A number of criminal trials captured public attention in 2010. Court reporter Edward Gay revisits some of the high-profile cases
CASE 3: NAVTEJ SINGH
Navtej Singh was busy working in his South Auckland liquor shop. A few streets away his killer was running out of booze during a drinking and marijuana smoking session with friends in a garage.
Anitelea Chan Kee said he wanted the party to continue and hatched a plan to "do a liquor shop" with brothers Myron and Tino Felise, Jason Naseri, and cousins Eti Filoa and Walter McCarthy. He asked for volunteers to join him.
Armed with a rifle, Chan Kee and the five others piled into two cars.

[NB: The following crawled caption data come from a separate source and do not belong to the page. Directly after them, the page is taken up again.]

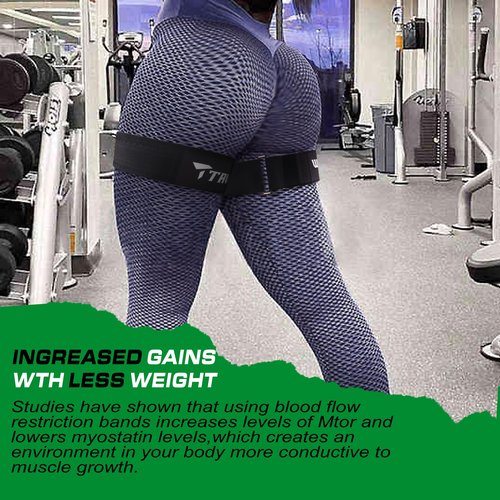 Occlusion Bands for Women Glutes & Hip Building, Blood Flow Restriction Bands BFR Bundle Booty Bands, Best Fabric Resistance Bands for Exercising Your Butt, Squat, Thigh, Fitness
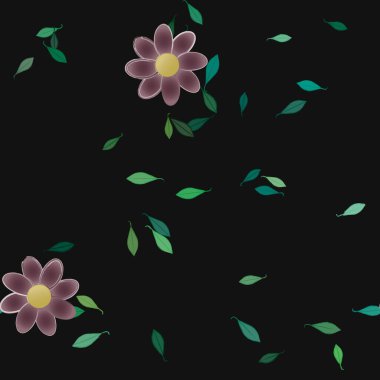 Çiçeksiz arka plan, vektör illüstrasyonu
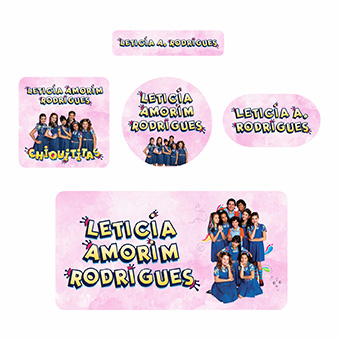 Kits de Etiquetas Escolares KIT AD08 - kit Etiqueta Tema Chiquititas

Navtej and his business partner Gurwinder Singh were watching the clock and looking forward to getting home to their families on the night of June 7, 2008.
Meanwhile, Chan Kee, Felise and Naseri piled out of the cars and burst into the liquor shop.
Gurwinder was sitting on the counter, his legs dangling over the side while he talked to Navtej who sat behind the counter on some boxes.
He heard a noise and turned to see the three intruders clad in black.
"One had a gun and the other had empty hands," Gurwinder told the court with the help of an interpreter.
What followed was an outburst of noise and urgent voices barking orders. He did not understand everything but one thing stuck in his mind: "Give us the money otherwise we'll shoot."
Chan Kee held the gun at chest height while Felise and Naseri took alcohol from the shelves. Gurwinder begged the men to leave them alone. "Please stop, our hands [are up]. We are giving you. We are giving you. Please stop, please stop," he told them.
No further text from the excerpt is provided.